# [Provided data]
:::

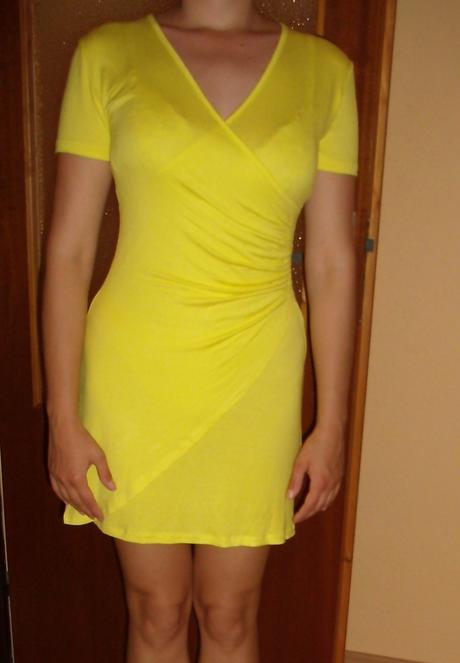 Letné minišaty na legíny, l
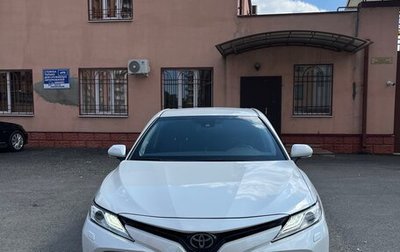 Toyota Camry, 2020 год, 2 300 000 рублей, 1 фотография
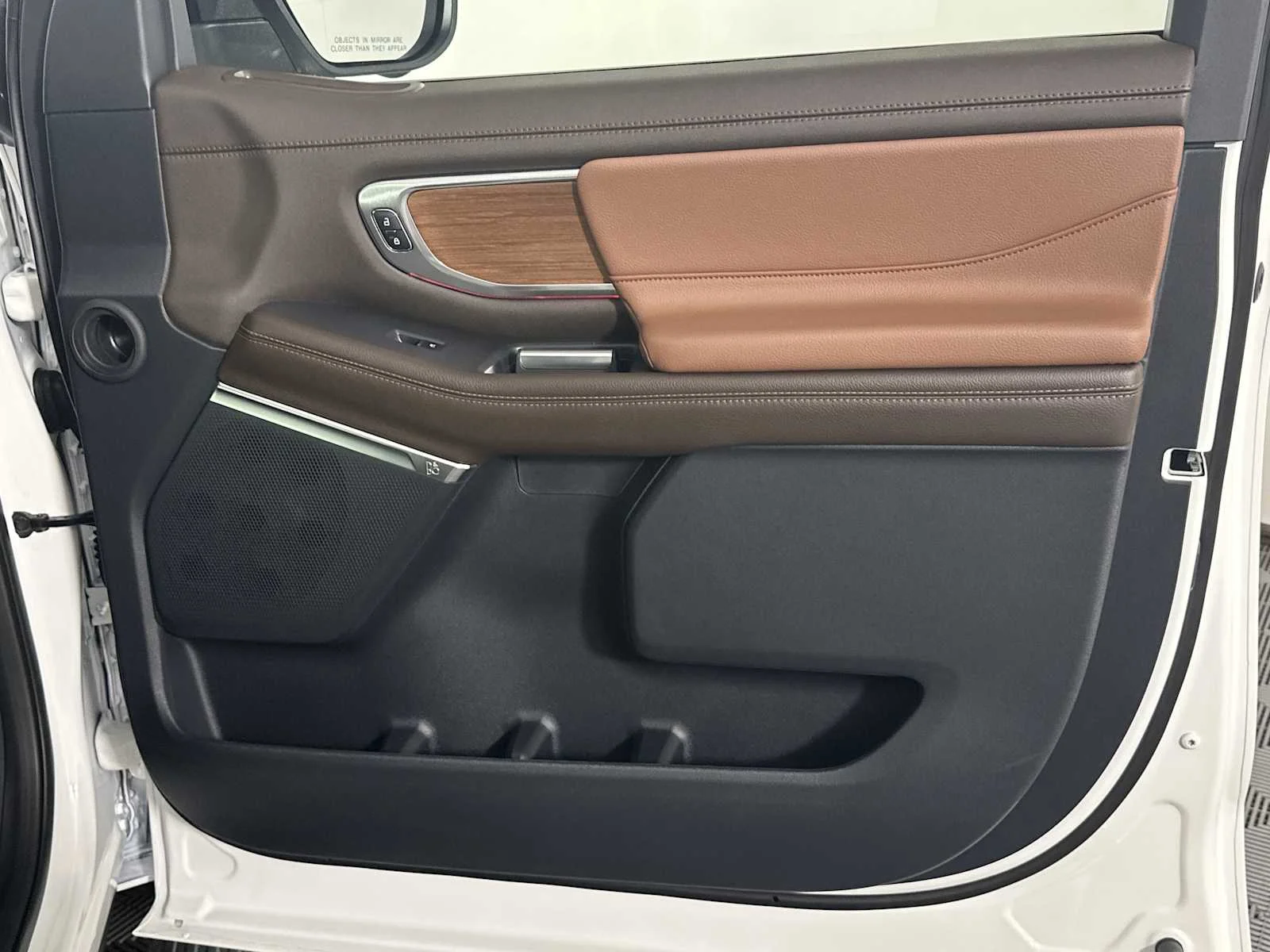 New 2027 Star White Metallic Tri-Coat Ford King Ranch image 18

:::

# [What needs to be done]
What the answer must hold is the exact text of every line from the one containing "Toyota Camry, 2020" through the end of the data, minus any pictures.

# [Problem solution]
 Toyota Camry, 2020 год, 2 300 000 рублей, 1 фотография
 New 2027 Star White Metallic Tri-Coat Ford King Ranch image 18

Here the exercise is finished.